"Field Hearing" on Tim Johnson's resolution
This morning in Champaign, Illinois, there was a field hearing on Representative Tim Johnson's bill that seeks to create a law that tells the NCAA to butt out of UIUC's business with regard to UIUC's racist mascot, "Chief Illiniwek."
I was there and offer observations:
Several people who wish to have the mascot retired arrived, wearing t-shirts that said "Racial Stereotypes Dehumanize" or "Love the Team, Not the Mascot" or home-made shirts. They were not allowed to wear these. They were stopped by police officers providing security for the event and told they could not come in wearing those shirts. Reason? These shirts were "signs."
Meanwhile, many people walked in wearing "Chief Illiniwek" shirts with the logo, and others with just the word "CHIEF" on front. These were not "signs." They are the "symbol" of the university.
Examples of institutional racism. That's what they are.
Several people were invited by Tim Johnson to give testimony for the hearing. None of them are American Indian. Johnson said he asked the Peoria tribe to give testimony but they declined. Johnson COULD have followed with the Peoria tribe statement asking that the mascot be retired, but, being Tim Johnson, he did not do that.
Stephen Kaufman spoke with great power, clarity, and eloquence as he summarized the history of the issue.

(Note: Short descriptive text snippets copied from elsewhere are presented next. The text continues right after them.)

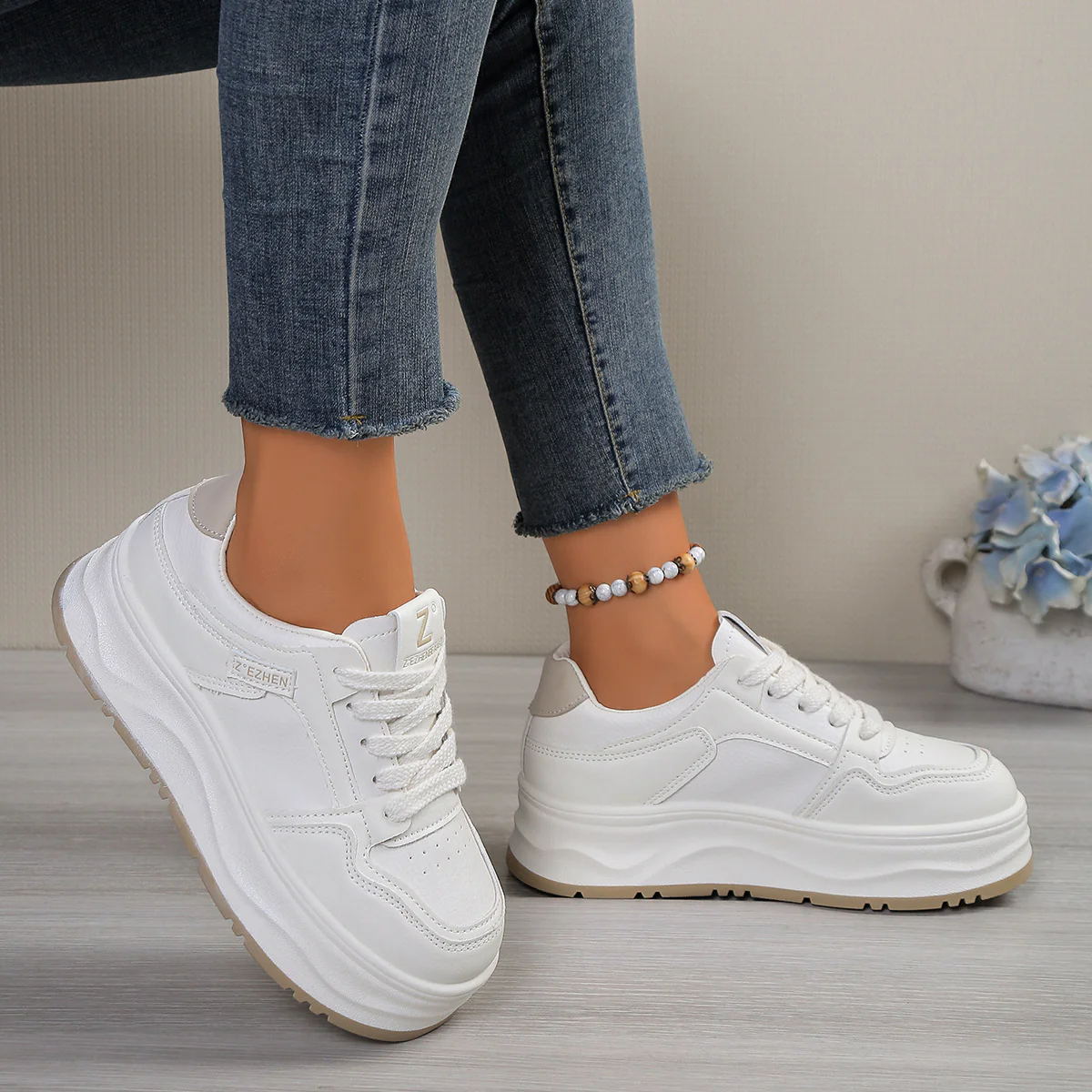 Damen Plattform-Sneaker mit bequemer dämpfender Sohle und modischem Design Heidi Mode - Image 3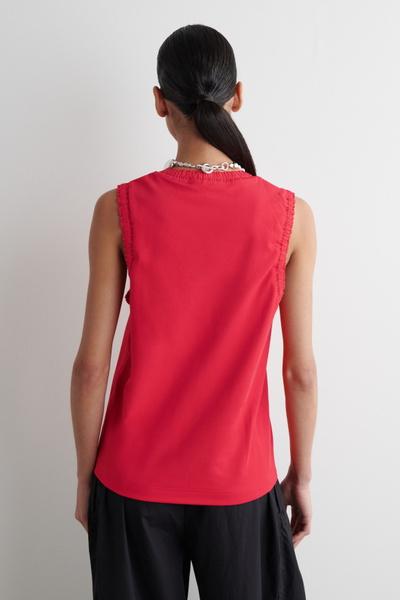 トップス Scallop Punching Knit Sleeveless (Red) Red Knitted Scallop Edge Scoop Tank Top | Knitwear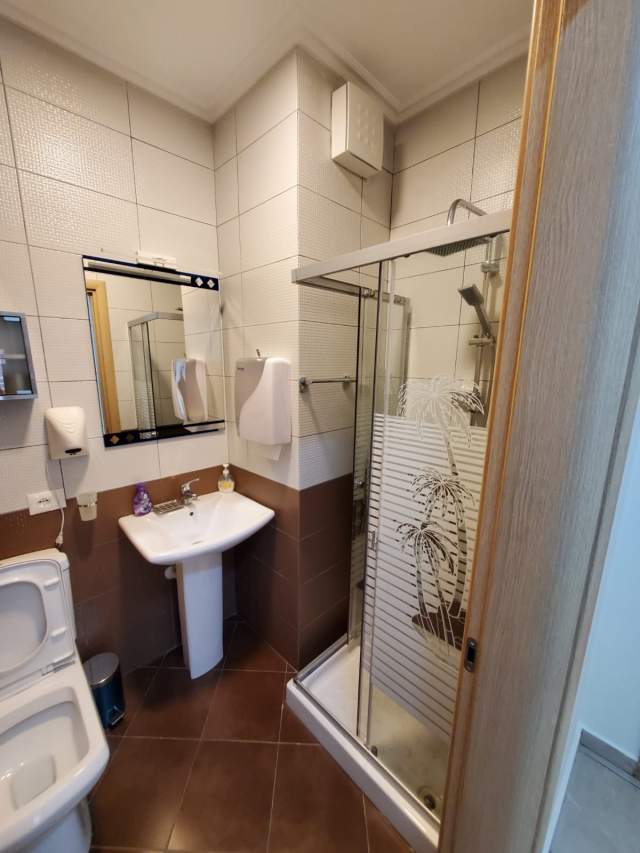 Tirane, jepet me qera apartament 2+1+BLK Kati 2, 110 m² 600 Euro (Pazari i ri)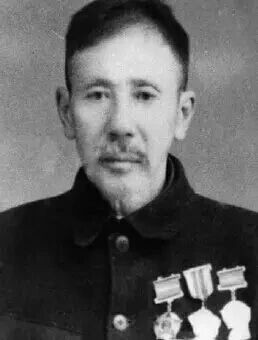 于德泉 &nbsp;资料图片_副本.jpg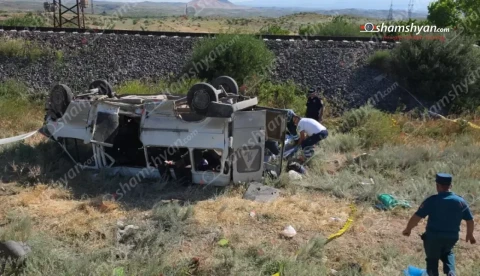 Պարզվել է Արտենիում «Ford Transit»-ի և «ԶԻԼ»-ի բախման հետևանքով մահացածի և վիրավորների ինքնությունը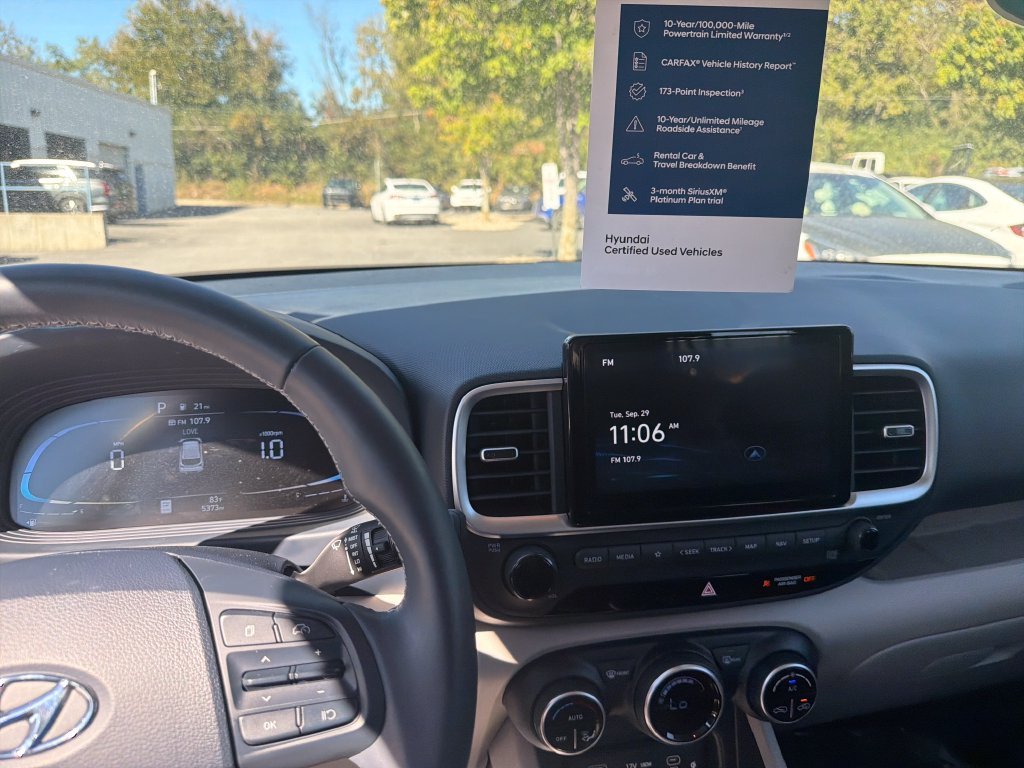 Used 2025 White Hyundai Limited image 21
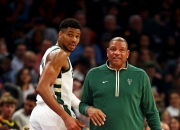 雄鹿三巨头联手，莫兰特得分突破，狂砍50分冲击季后赛！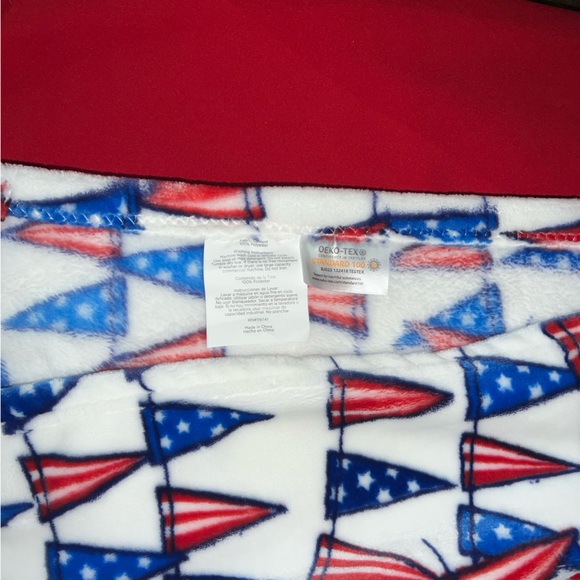 Throw ♥️ 💙 NEW! - Picture 2 of 2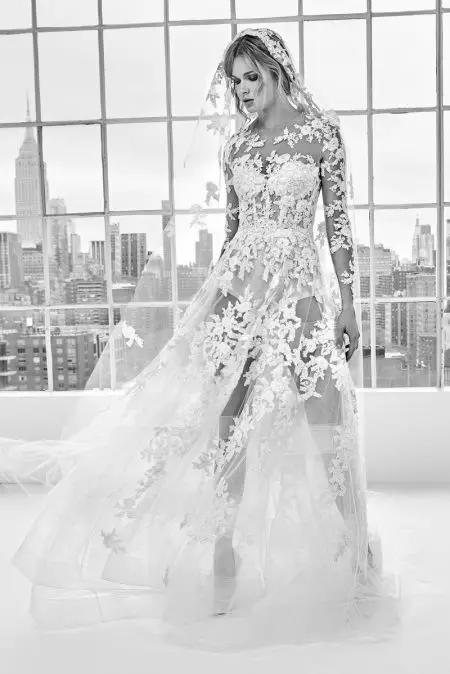 Zuhair Murad's Spring 2018 Bridal Line e etselitsoe Khosatsana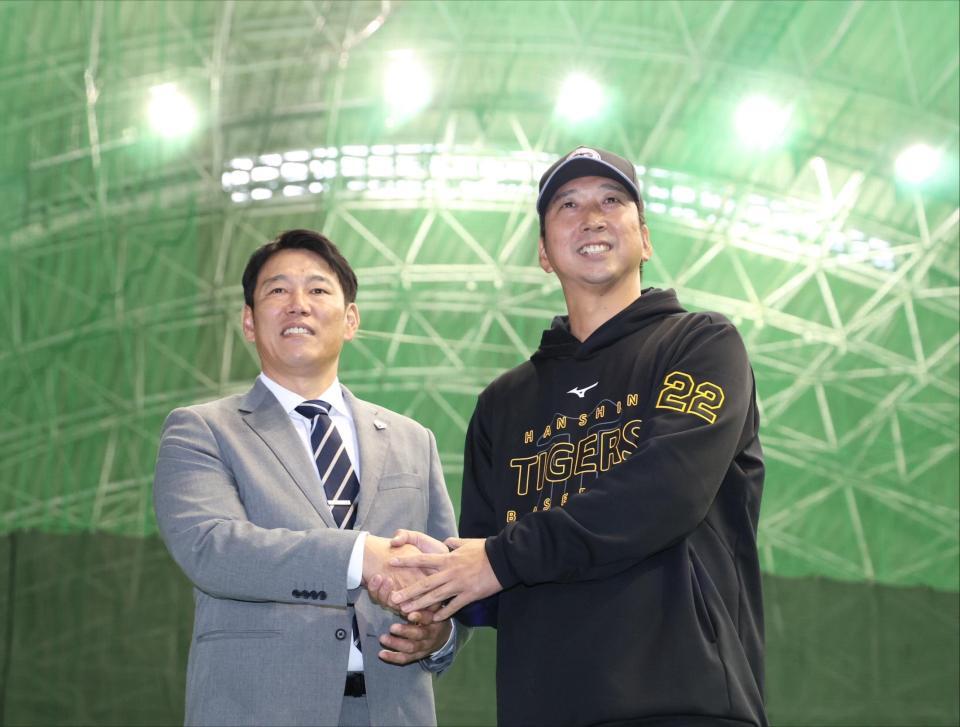 　侍ジャパン・井端監督（左）と握手を交わす藤川監督（撮影・中田匡峻）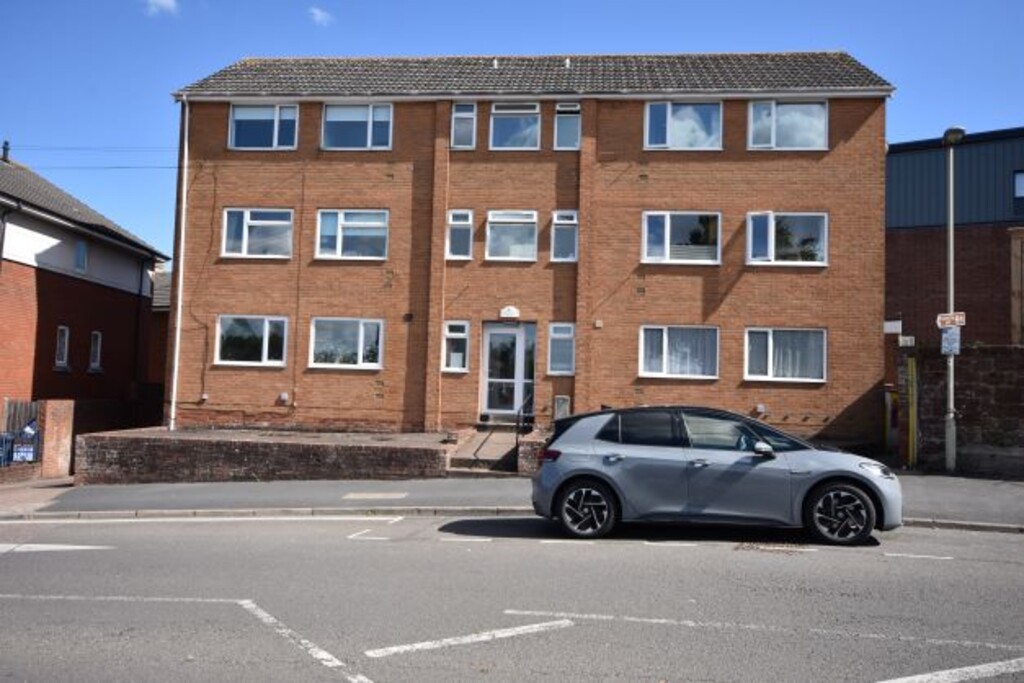 1 bed 1st Floor Flat for rent in Exeter. From Martin & Co - Exeter 1 bed 1st Floor Flat for rent in Exeter. From Martin & Co - Exeter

State rep Chapin Rose gave testimony, saying that the entire Illinois House of Reps had written to NCAA and gotten no response. Not even the "courtesy" of an acknowledgment that their statement had been received.
I found his repeated statements about not getting acknowledged or heard as IRONIC. Talk about being unresponsive! Native peoples across the country and our professional organizations have denounced the use of Native imagery for sports team mascots.
He said it was "sheer arrogance" that they had the "audacity" for NCAA to ignore their statement.
Who's being arrogant?!
The Congressman from Michigan (I'll post his name shortly) wondered if a school in his area would be in trouble now, since they changed their name from Indians to something like Beavers. He wondered if the Humane Society would come out in opposition to the use of Beavers. Apparently the Congressman saw nothing wrong with equating Native Americans with Beavers. Kaufman pointed that out to the Congressman during the Q&A.
Tim Johnson, in an effort to say UIUC likes Indians and has Indian support, said "Ogala." He likes us so, and holds us in so much esteem, that he mispronounces the name of the tribe he's trying to say supports the mascot.